There are just six actors who bring this story to such vivid life, many actors play multiple characters, and all six work beautifully together to give a sense of the world being so much larger than just six individuals. Mallory Amirault gives a harrowing monologue that describes the birth of Maskwa, famously “not of woman born,” which also brings the audience more into Maskwa’s generational experience. The birth is not just a twist ending, it is something that has informed who this person has grown up to be, and it hasn’t just affected him, the death of his mother has had reverberations for his entire family, and community as well. 

The direction by Reneltta Arluk and the costumes by Logan Martin-Arcand, and the set design by Cimmeron Meyer, and lighting design by Brad Trenaman all come together so beautifully, using light and shadow, deep blues, and the raggedy costumes of the wiyoyowak, to give the play a very ominous and wretched, and also shadowy and mysterious ambiance. It is not the literal end of the world, but it is an apocalypse of sorts for these communities, who are very literally staring at the end of their lives, their lands, and their communities as they know them.

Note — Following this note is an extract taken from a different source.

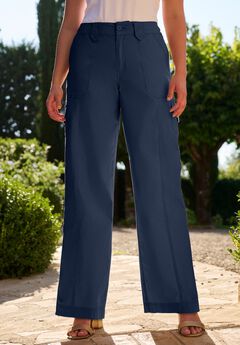 Wide-Leg Cargo Pants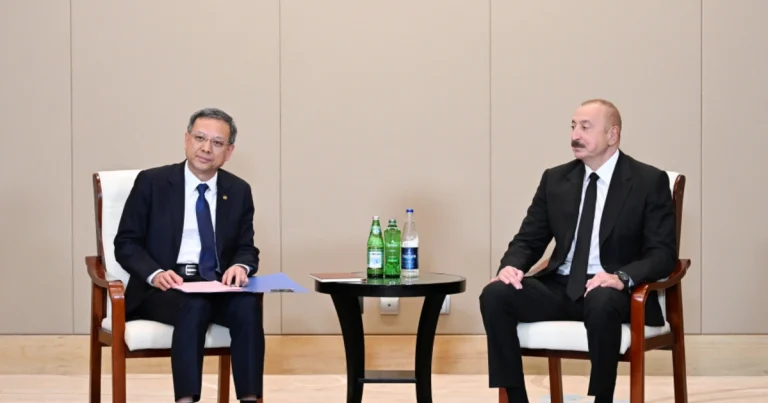 Prezident İlham Əliyev “China Energy Engineering Corporation Limited” şirkətinin sədri ilə görüşüb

I was struck for the first time in my life when I first read the synopsis for this play that William Shakespeare borrowed this story from, what I had assumed was Scottish lore. Shakespeare wrote The Tragedie of Macbeth around 1606. Scotland’s history is complex, and I am just starting to learn more about it, but around the same time King James (VI of Scotland, but importantly, the First of England) was beginning to try to colonize the Gàidhlig-speaking “rogue Highlands” more and more in a markedly British way. This led directly to the mass emigration of Highland Scots to what is now known as Nova Scotia, Prince Edward Island, and other parts of Mi’kma’ki by the late 1700s. Shakespeare, who was, of course, British, took an old story about real Highlanders who once lived in Medieval times, but not at all based on fact, and appropriated it for consumption by his British audiences, and to curry favour with his Lowland Scottish King. Colonization is, therefore, baked into this story already, and I wonder how Na Gàidheil (The Gaels) in 1606 would have felt if they had seen The Tragedie of Macbeth. Would they have felt flattered that the Bard was interested in their culture? Would they have laughed at how inaccurate it all was? Would they have felt like a piece of their history and their culture was being stolen from them? Or would they have felt offended that Shakespeare was playing into stereotypes of the bloodthirsty barbaric heathen Highlander? In rooting the story in her own culture Reneltta Arluk has given this story a truth that the original lacks, which is perhaps one of the reasons that Pawâkan Macbeth feels so much more powerful, sad, and also, ultimately, triumphant.